You may find a nice utility van at side of road doing powerline work that may part for cash with some nice copper core.:D:D
 
thats a good point actually, there replacing all the street lights in my area so i might just stumble into some nice thick wire

Don't use "nice thick wire" of any kind, and best not use the aluminium wire usually used by the utility people for safety-earthing power cables.

Thick wires will fatigue fail soon enough.

Ends crimped on to aluminium earthing cables are poor conductors at our measly 12 volts.

ALWAYS use tin-plated multi-stranded BRAIDED flat cables with SOLDERED ON ends.

Anything else is going to be trouble sooner or later.
That's why earthing straps look like what they look like.

CharlesY
 
Don't use "nice thick wire" of any kind, and best not use the aluminium wire usually used by the utility people for safety-earthing power cables.

Thick wires will fatigue fail soon enough.

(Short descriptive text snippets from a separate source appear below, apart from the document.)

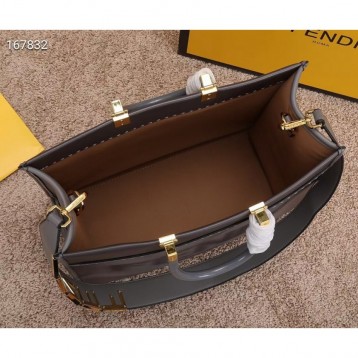 FENDI フェンディ 2021年最新なクラシックな トートバッグ FENDI フェンディ 2021年最新なクラシックな トートバッグ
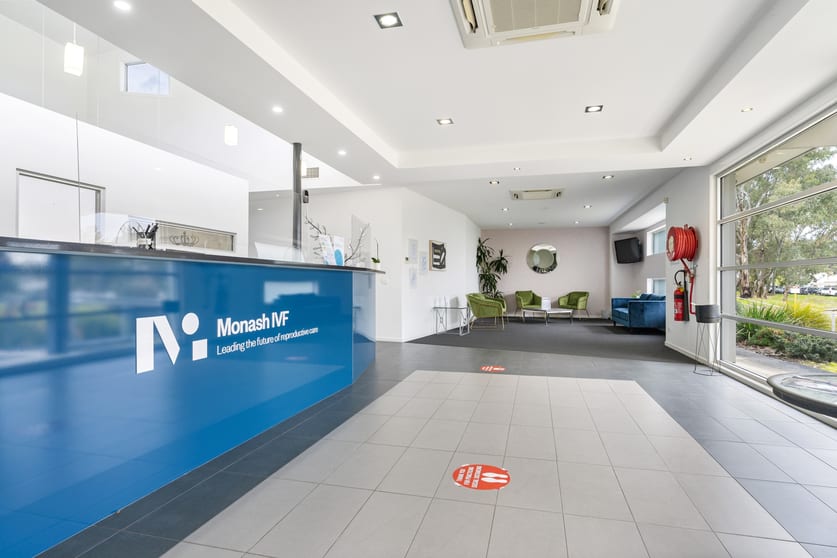 Click to view all images 13 Yalandra Court Albury NSW 2640 - Image 2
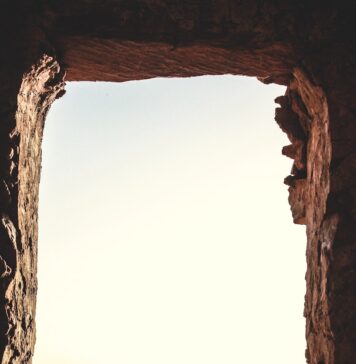Deixe Deus fazer seu trabalho brown rock formation near body of water during daytime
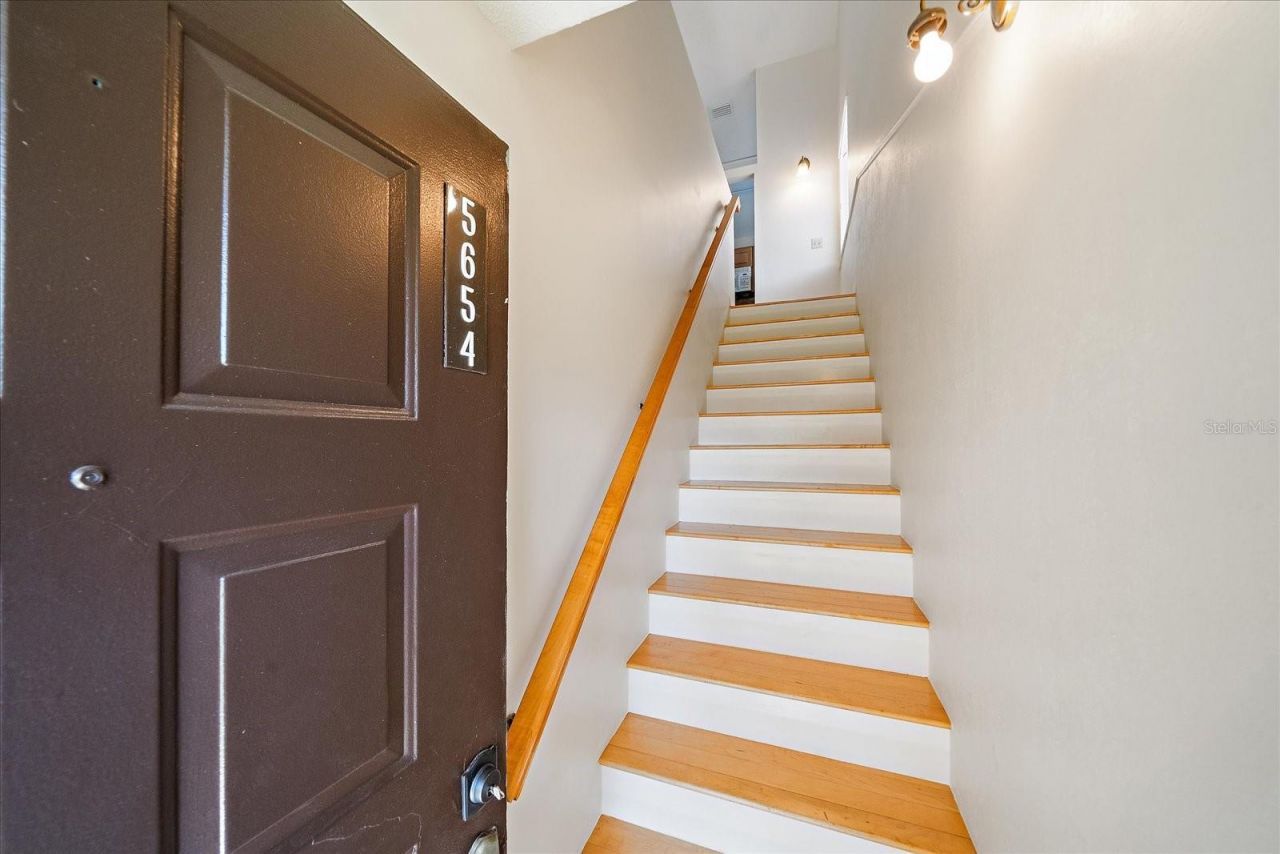 5654 Gardens Drive, Sarasota, FL 34243 Photo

Ends crimped on to aluminium earthing cables are poor conductors at our measly 12 volts.

ALWAYS use tin-plated multi-stranded BRAIDED flat cables with SOLDERED ON ends.

Anything else is going to be trouble sooner or later.
That's why earthing straps look like what they look like.

CharlesY
bollix they last 3 months down ere in the salt.I use copper powerline and i get 18 months or so.
 
Don't use "nice thick wire" of any kind, and best not use the aluminium wire usually used by the utility people for safety-earthing power cables.

Thick wires will fatigue fail soon enough.

Ends crimped on to aluminium earthing cables are poor conductors at our measly 12 volts.

ALWAYS use tin-plated multi-stranded BRAIDED flat cables with SOLDERED ON ends.

Anything else is going to be trouble sooner or later.
That's why earthing straps look like what they look like.

CharlesY

Spot on CharlesY,

By the way the Rave manual has a section called Electrical Library which then has a sub section called "Earth Points & Header Joints" which shows you where the primary earthing points are. Duplicate earth paths should be avoided as you can end up with current circulating between them and different potentials giving varying electrical performance of the components around the vehicle.

Hope you sort it, but earth strapping is what you need.